More known is the exhibit “Gold of Ancestors” at the Ayala Museum in Makati City, which carries 1,059 gold objects dating to the 10th to 13th century—ornaments, implements, containers and ritual sculptures. The array is astounding and the handiwork equally astonishing. The exhibit itself is well-designed with entrances resembling vault doors, glass floors showing small gold pieces underneath them, and magnifying glasses that can be drawn out to examine the intricate designs.
Now, Ayala Museum is bringing some of the pieces, together with pieces from BSP, to New York, United States, for a groundbreaking exhibit organized by the Asia Society, an educational organization which promotes mutual understanding and strengthening partnerships among peoples, leaders and institutions of Asia and the United States in a global context.
Titled “Philippine Gold: Treasures of Forgotten Kingdoms,” the exhibit will show over 120 gold objects at the Asia Society Museum at 725 Park Avenue, New York City, from Sept. 11, 2015, to early January 2016.
The curators, Adriana Proser, senior curator for traditional Asian art of Asia Society, and Florina Capistrano-Baker, former director of the Ayala Museum, said the objects in the exhibit were discovered over the past 40 years in different sites in the Philippines, but the exhibit will focus on the ancient polity known as Butuan and other political entities in Samar, Cebu, Leyte, Palawan, Mindoro, Marinduque and Luzon.

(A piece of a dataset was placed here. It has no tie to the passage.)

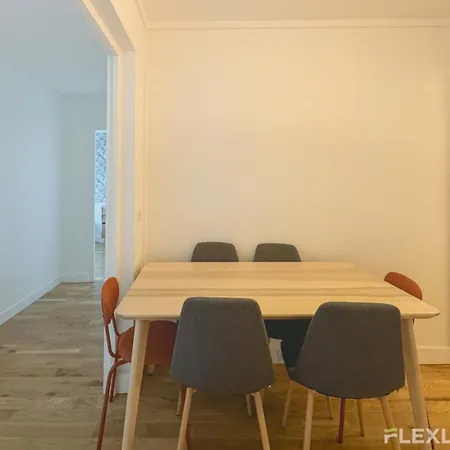 펜션 Flexliving - - Lourmel 파리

These gold objects were collected and saved from being melted by the BSP and collectors Leandro and Cecilia Locsin. The Ayala Museum gold collection is from the Locsin collection. The BSP and Ayala Museum collections will be augmented by contributions from the Metropolitan Museum of Art, the Musee du Quai Branly of Paris, the Lilly Library in Indiana and the Locsin family for the “Philippine Gold” exhibit, which will mark the first time such collections are displayed together and the first time in the United States.
“The amazing gold works in the exhibition attest to robust cultural connections and maritime trade in Southeast Asia during what was an early Asian economic boom. The diverse and sophisticated gold treasures are evidence of a lost history of prosperity and achievement of early communities in the Philippines that flourished between the 10th and 13th centuries, long before Spanish contact and colonization,” wrote the curators in their remarks.
BSP Governor Amando Maglalang Tetangco, Jr. said that “this exhibit is an excellent opportunity to showcase our pre-colonial cultural heritage...This is an opportune time for other people to know more about the Philippines and get to know the rich cultural heritage of our country.”
Ayala Corp. president and chief operating officer Fernando Zobel de Ayala agreed: “It will give Americans and visitors to New York the opportunity to get to know more about our rich culture and I have no doubt that it will also give Filipino-Americans great pride to see these pieces from their country.”
“While the Philippines has a lot of press coming out on economic issues, we thought there could also be a cultural story,” Doris Magsaysay-Ho, Asia Society Philippine chairman, said. “These artifacts are also very little known scholarship-wise, so with the opportunity to bring them to New York, we are holding symposiums that place the collection in the whole realm of historical scholarship in the Austronesian context.”
The Asia Society Museum has lined up different events in a program to accompany the “Philippine Gold” exhibit. It will start with an opening gala dinner on Sept. 10, followed by academic lectures on Hindu and Buddhist art traces in pre-colonial Philippine gold works and early Asian gold, a theater production titled Alamat: Stories of Philippine Gold by the Ma-Yi Theater Compnay, a rondalla performance, a performance by Grace Nono and a pop-up Philippine food bar. There will also be design exhibitions and a film festival.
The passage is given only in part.